Saturday, January 12, 2002
Adria here. I was discharged yesterday seemed like a little after noon. I have not been conscious of the time of day or night since Monday morning when my little world came tumbling down the stairs and splintered into pieces. It seems like just when things start to look up -- some rock comes flying out of the sky and bops me on the head. I must have some horrid Karmic debt to pay.
The pain was more intense, excruciating and long lived than anything I have yet experienced. There was definitely some solace with the bones being set in surgery. Also, the lingering anesthesia and the Demerol and Phenegren injections really gave me relief which I now think of as a false sense of security. I was quite the superwoman getting up on that walker and walking down that hospital hall. I was convinced that I would get past this much more quickly than Keith.
That was Tuesday -- I think. By late Wednesday, the Demerol pump quickly became of little assistance. I would say that the pain has gotten worse every day since -- but the truth probably is that the drugs were better in the first few days in the hospital and I was not moving as much. I have pain in my foot near the bone that protrudes from the ankle, The top part of the foot at the ankle. The Tibia about two to three inches from the ankle. The Fibula about one inch above the ankle and about two inches below the knee on the right side. I hold out hope that his will pass quickly and I will be able to be functionally less dependant soon, but experience tells me that I am kidding no-one. In short, my ankle is a total wreck.

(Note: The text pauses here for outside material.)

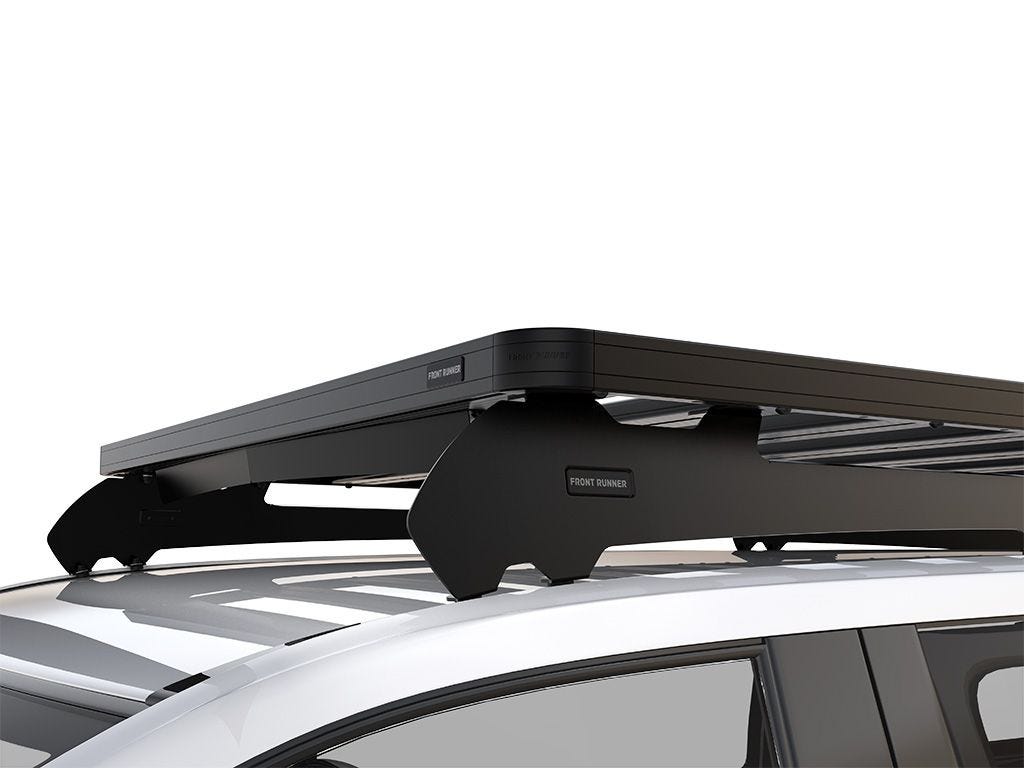 Galerie de toit pour Mercedes-Benz Classe V et Vito, Vito et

Love is as Keith does. He brought me back from the brink of total hysteria just after I fell and immediately went about taking care of everything that our little family needed. He remembered to throw my prescriptions in my purse so that the emergency room doctors would know what I am on. He has never complained or moaned once -- though I kinda wish he would. He has been by my side -- save the nights when he came home to sleep as opposed to staying in the hospital with me. It hurt my feelings, well I guess mostly I was just frightened being alone in such a defenseless state. I almost fell twice trying to go to the bathroom alone. Then I agreed to the bedside potty. How diminishing!
I am so out of shape. I am not fit to tote myself around with a walker or crutches -- it hurts my hands like all get out. The wheel chair is ok -- but my back is killing me, my neck is stiff and both of my wrists hurt. I could mostly SCREAM.
This is all my own fault -- being so careless -- I should have tossed those damned shoes months ago. I need to lose about fifty pounds and I need to feel better and participate more in the girls activities. I would love it if Keith would make that kind of commitment with me. Silence -- is usually the response I get.
I am tired and off to take a nap. This just seems like the most rotten luck right now -- but someday, Iíll figure out why it all happened. And it will make sense. I hope.